### SOURCE DATA ###
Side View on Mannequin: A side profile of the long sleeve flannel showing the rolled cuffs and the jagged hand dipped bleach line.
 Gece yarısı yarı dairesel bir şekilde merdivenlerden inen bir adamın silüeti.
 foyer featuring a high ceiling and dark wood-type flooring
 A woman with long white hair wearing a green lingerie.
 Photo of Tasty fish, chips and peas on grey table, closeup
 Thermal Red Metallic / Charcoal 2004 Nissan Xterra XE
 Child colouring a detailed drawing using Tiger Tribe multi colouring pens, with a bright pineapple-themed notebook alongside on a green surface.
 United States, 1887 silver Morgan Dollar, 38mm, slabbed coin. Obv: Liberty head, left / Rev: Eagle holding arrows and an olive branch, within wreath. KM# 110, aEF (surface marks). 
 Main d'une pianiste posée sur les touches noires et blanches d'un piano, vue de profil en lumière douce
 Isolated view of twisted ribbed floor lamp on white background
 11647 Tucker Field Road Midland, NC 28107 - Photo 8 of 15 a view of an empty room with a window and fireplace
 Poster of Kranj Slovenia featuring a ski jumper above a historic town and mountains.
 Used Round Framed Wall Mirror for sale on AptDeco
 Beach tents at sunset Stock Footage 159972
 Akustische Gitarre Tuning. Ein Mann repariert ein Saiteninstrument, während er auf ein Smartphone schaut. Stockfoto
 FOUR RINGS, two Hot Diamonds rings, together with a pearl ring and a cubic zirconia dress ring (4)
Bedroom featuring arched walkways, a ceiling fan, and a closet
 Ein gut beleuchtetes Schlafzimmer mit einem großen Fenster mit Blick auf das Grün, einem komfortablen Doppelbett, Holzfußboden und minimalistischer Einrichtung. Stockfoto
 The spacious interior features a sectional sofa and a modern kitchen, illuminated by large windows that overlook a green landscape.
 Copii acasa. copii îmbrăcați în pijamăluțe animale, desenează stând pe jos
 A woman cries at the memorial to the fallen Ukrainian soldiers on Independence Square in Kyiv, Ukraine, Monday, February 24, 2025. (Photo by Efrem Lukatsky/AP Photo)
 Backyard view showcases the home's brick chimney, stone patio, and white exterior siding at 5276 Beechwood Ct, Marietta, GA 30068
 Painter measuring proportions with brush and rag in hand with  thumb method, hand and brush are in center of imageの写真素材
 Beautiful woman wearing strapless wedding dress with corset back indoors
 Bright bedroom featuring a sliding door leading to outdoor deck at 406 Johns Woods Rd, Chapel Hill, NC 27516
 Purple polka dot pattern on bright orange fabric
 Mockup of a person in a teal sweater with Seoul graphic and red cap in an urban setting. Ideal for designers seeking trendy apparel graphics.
###
▶ _HOW TO COMPLETE THIS TASK_
Could you write out, exactly as they stand, only the lines above that begin at the line with "Thermal Red Metallic" and stop after the line with "Backyard view showcases"?

▶ _RESULT FOR THIS TASK_
 Thermal Red Metallic / Charcoal 2004 Nissan Xterra XE
 Child colouring a detailed drawing using Tiger Tribe multi colouring pens, with a bright pineapple-themed notebook alongside on a green surface.
 United States, 1887 silver Morgan Dollar, 38mm, slabbed coin. Obv: Liberty head, left / Rev: Eagle holding arrows and an olive branch, within wreath. KM# 110, aEF (surface marks). 
 Main d'une pianiste posée sur les touches noires et blanches d'un piano, vue de profil en lumière douce
 Isolated view of twisted ribbed floor lamp on white background
 11647 Tucker Field Road Midland, NC 28107 - Photo 8 of 15 a view of an empty room with a window and fireplace
 Poster of Kranj Slovenia featuring a ski jumper above a historic town and mountains.
 Used Round Framed Wall Mirror for sale on AptDeco
 Beach tents at sunset Stock Footage 159972
 Akustische Gitarre Tuning. Ein Mann repariert ein Saiteninstrument, während er auf ein Smartphone schaut. Stockfoto
 FOUR RINGS, two Hot Diamonds rings, together with a pearl ring and a cubic zirconia dress ring (4)
Bedroom featuring arched walkways, a ceiling fan, and a closet
 Ein gut beleuchtetes Schlafzimmer mit einem großen Fenster mit Blick auf das Grün, einem komfortablen Doppelbett, Holzfußboden und minimalistischer Einrichtung. Stockfoto
 The spacious interior features a sectional sofa and a modern kitchen, illuminated by large windows that overlook a green landscape.
 Copii acasa. copii îmbrăcați în pijamăluțe animale, desenează stând pe jos
 A woman cries at the memorial to the fallen Ukrainian soldiers on Independence Square in Kyiv, Ukraine, Monday, February 24, 2025. (Photo by Efrem Lukatsky/AP Photo)
 Backyard view showcases the home's brick chimney, stone patio, and white exterior siding at 5276 Beechwood Ct, Marietta, GA 30068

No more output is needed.